Directions -
Note the line containing "Downstairs hallway leads"; from it through the last line below, give only those lines again, exactly, both ends included, skipping pictures.

Brief descriptive captions -
▶
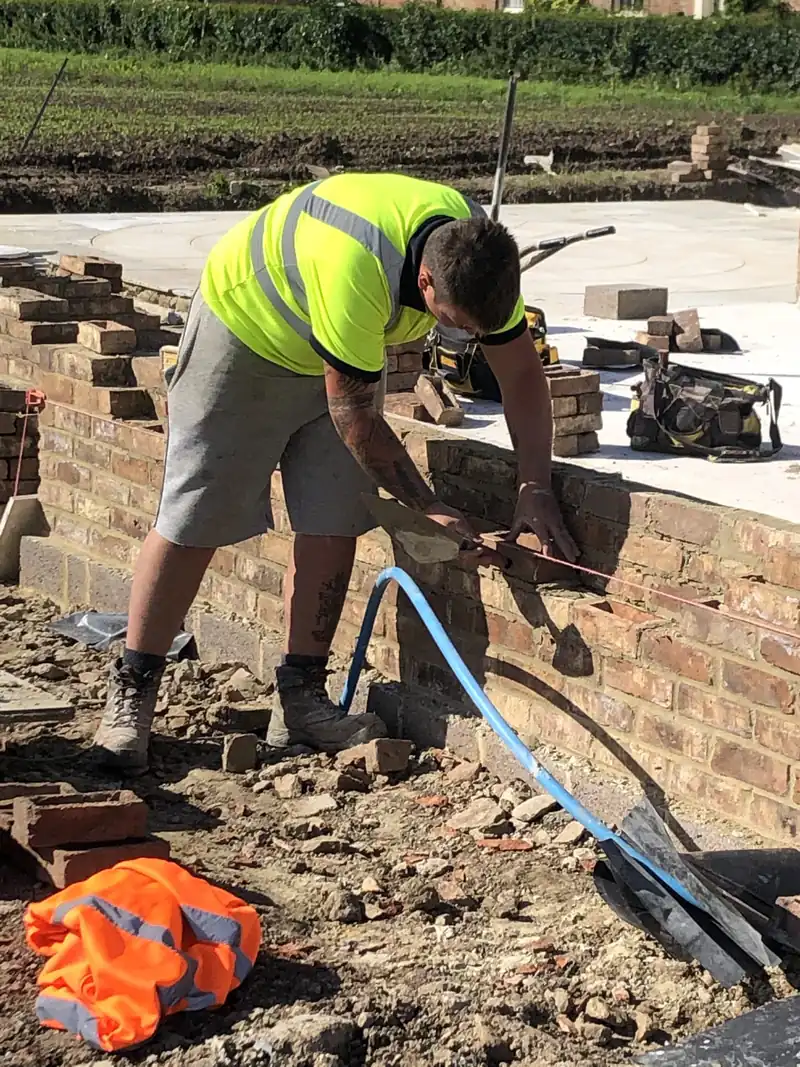 Bricklayer building a garden wall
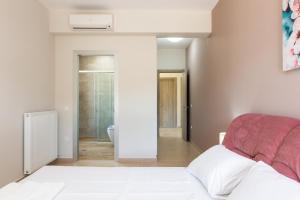 Posteľ alebo postele v izbe v ubytovaní Eudora Luxury Stone Villa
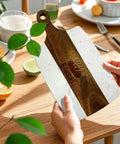 Cutting board with white marble panels and brown acacia wood center stripe, circular handle cutout.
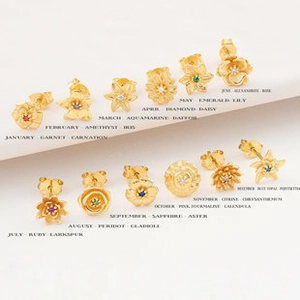 Detalle de 12 pendientes de flores de nacimiento bañados en oro con piedras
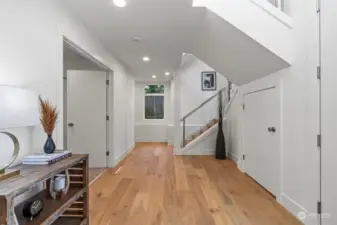 Downstairs hallway leads to a rec room, bedroom and full bath
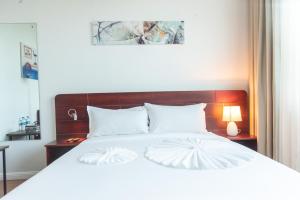 um quarto com uma cama branca e uma cabeceira em madeira em Pauraque Soho Hotel em Dar es Salaam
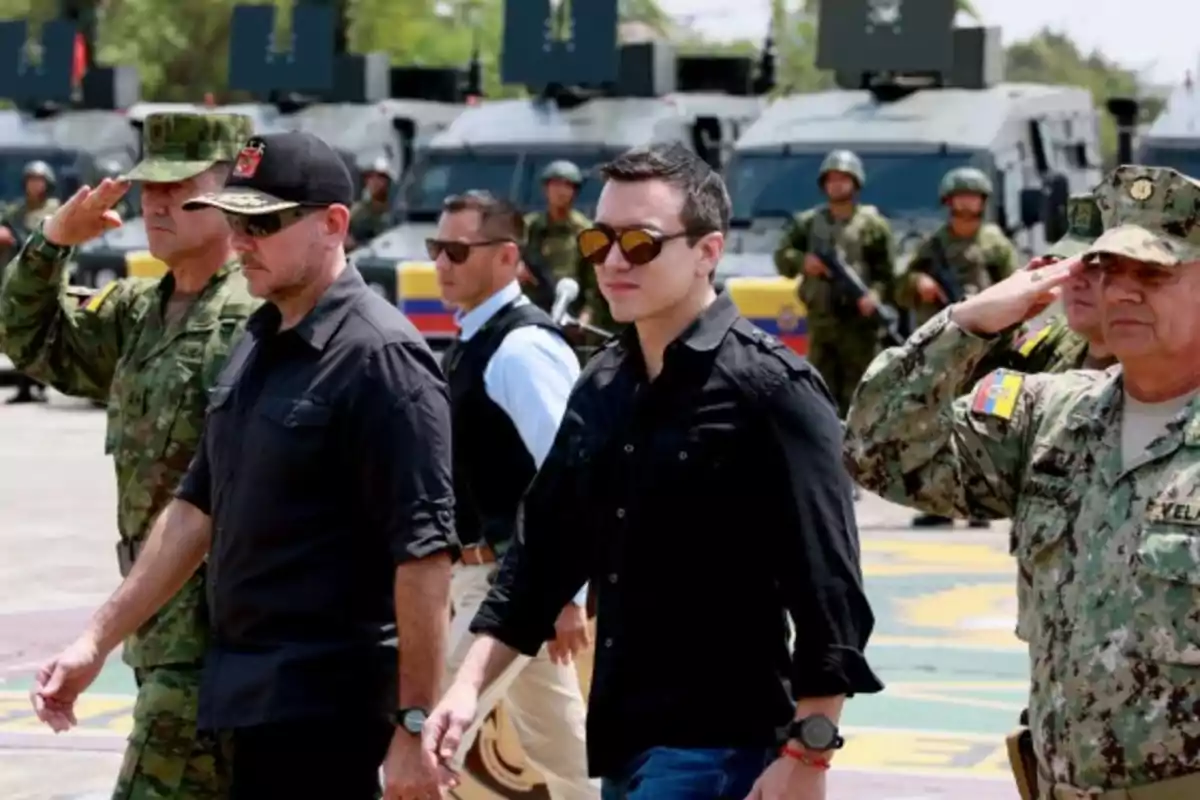 A group of people, some in military uniform, walk past armored vehicles while two of them salute.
◀
Written answer -
 Downstairs hallway leads to a rec room, bedroom and full bath
 um quarto com uma cama branca e uma cabeceira em madeira em Pauraque Soho Hotel em Dar es Salaam
 A group of people, some in military uniform, walk past armored vehicles while two of them salute.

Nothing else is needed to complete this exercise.